DATA SECTION
----------

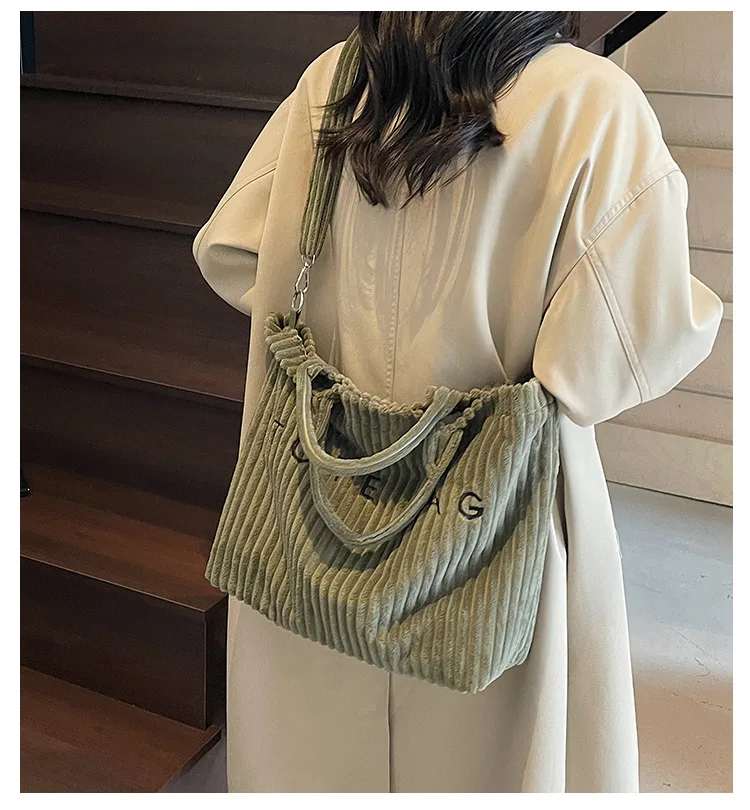 Large Capacity Striped Velvet Handbag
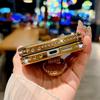 Блестящий бриллиантовый каркасный чехол из 2 предметов для телефона Samsung Galaxy Z Flip6 Flip5 Flip4 Flip3 Роскошный кожаный противоударный металлический чехол с жестким складным чехлом из ПК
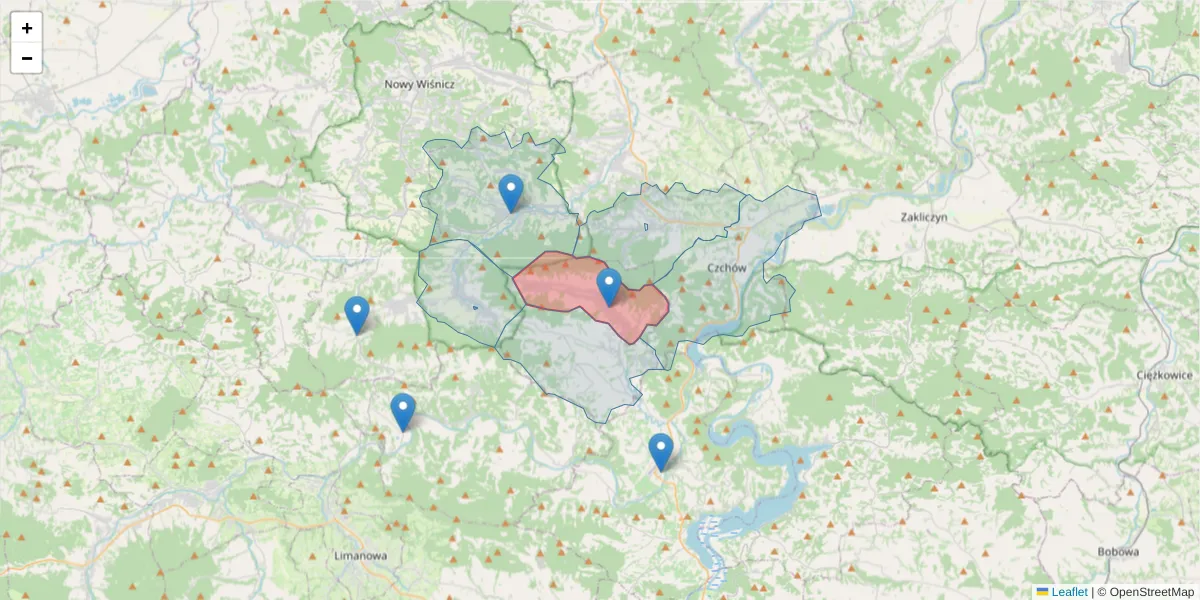 Szczegółowa mapa kodu pocztowego 32-861 z granicami, sąsiednimi kodami pocztowymi i urzędami pocztowymi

----------

EXERCISE AIM
Write out the data once more exactly, omitting the pictures.

ANSWER SPACE
 Large Capacity Striped Velvet Handbag
 Блестящий бриллиантовый каркасный чехол из 2 предметов для телефона Samsung Galaxy Z Flip6 Flip5 Flip4 Flip3 Роскошный кожаный противоударный металлический чехол с жестким складным чехлом из ПК
 Szczegółowa mapa kodu pocztowego 32-861 z granicami, sąsiednimi kodami pocztowymi i urzędami pocztowymi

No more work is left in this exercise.